Dans une lettre ouverte publiée le 4 avril sur le site de CAUSE (http://www.globalcause.net), les organisations tirent la sonnette d’alarme face au commerce mondial très peu réglementé des équipements de surveillance des communications.

Le site détaille les différentes technologies conçues et fournies par des compagnies privées et braque les projecteurs sur les pays où ces entreprises ont leur siège. Il révèle que ces technologies sont utilisées dans divers pays tels que Bahreïn, le Brésil, la Côte d’Ivoire, l’Égypte, l’Éthiopie, la Libye, le Nigeria, le Maroc, le Turkménistan, les Émirats arabes unis. 
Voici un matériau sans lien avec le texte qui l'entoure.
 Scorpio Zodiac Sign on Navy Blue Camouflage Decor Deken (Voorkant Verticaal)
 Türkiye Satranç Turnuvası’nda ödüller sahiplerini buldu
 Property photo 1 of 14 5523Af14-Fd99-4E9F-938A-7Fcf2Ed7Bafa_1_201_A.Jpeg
« Personne n’est à l’abri du danger que représentent ces technologies pour le droit à la vie privée et bien d’autres droits fondamentaux. Ceux qui surveillent aujourd’hui seront surveillés demain, a déclaré Karim Lahidji, président de la FIDH. CAUSE a été créée pour réclamer une réglementation responsable de ce commerce et mettre fin aux violations des droits humains qu’il favorise. »
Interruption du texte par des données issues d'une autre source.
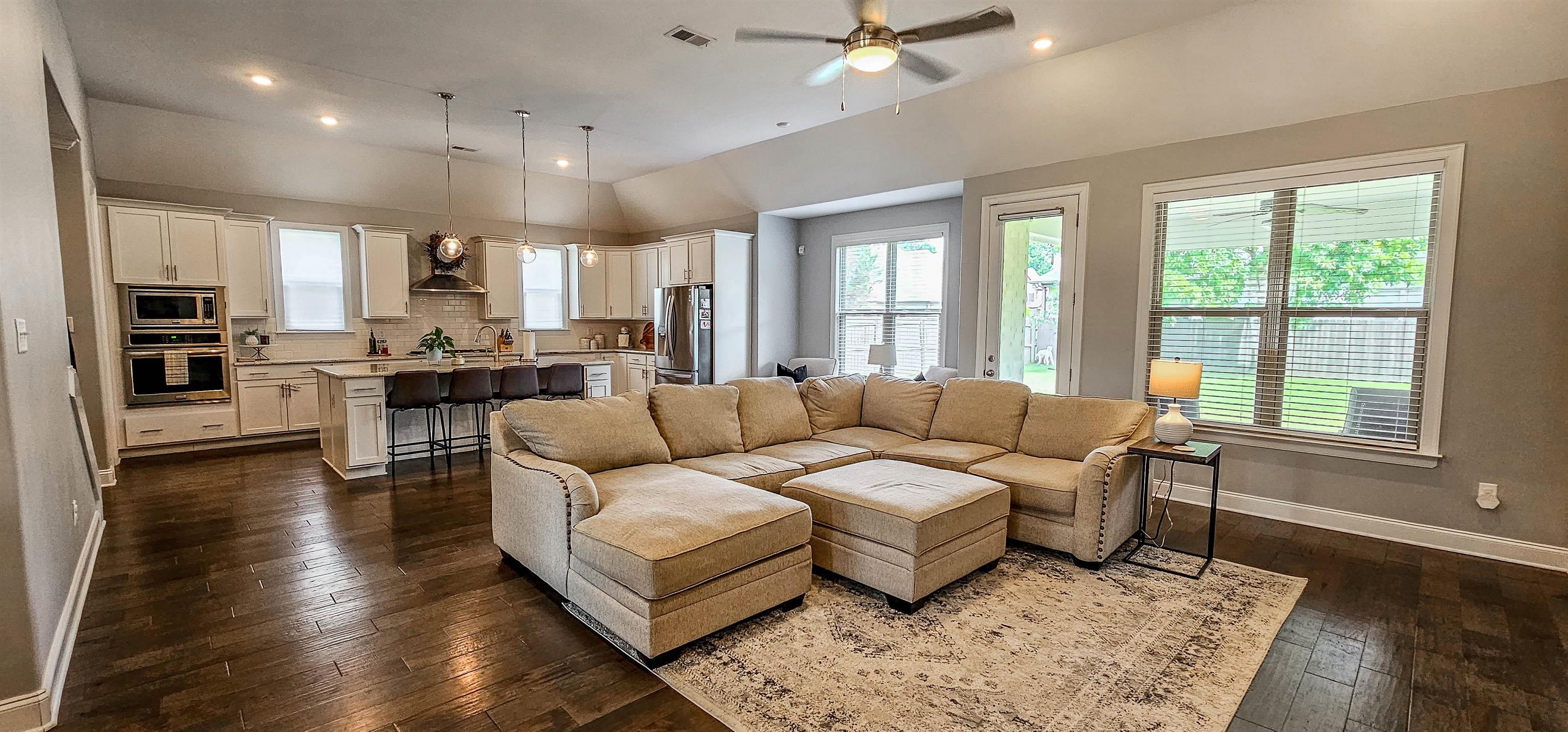 9696 WOODLAND BROOK LN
Bien que plusieurs gouvernements commencent à débattre de la façon de restreindre ce commerce, des préoccupations subsistent. Sans une pression internationale exercée de manière soutenue sur les gouvernements pour mettre en place des contrôles rigoureux et globaux fondés sur les normes internationales relatives aux droits humains, cette technologie intrusive en plein essor continuera de proliférer, générant de nouvelles atteintes aux droits humains.

« Les gouvernements doivent saisir cette occasion unique de faire face à ce problème et revoir leurs réglementations en vue de s’aligner sur les évolutions technologiques », a déclaré Tim Maurer, chargé des recherches à New America’s Open Technology Institute. 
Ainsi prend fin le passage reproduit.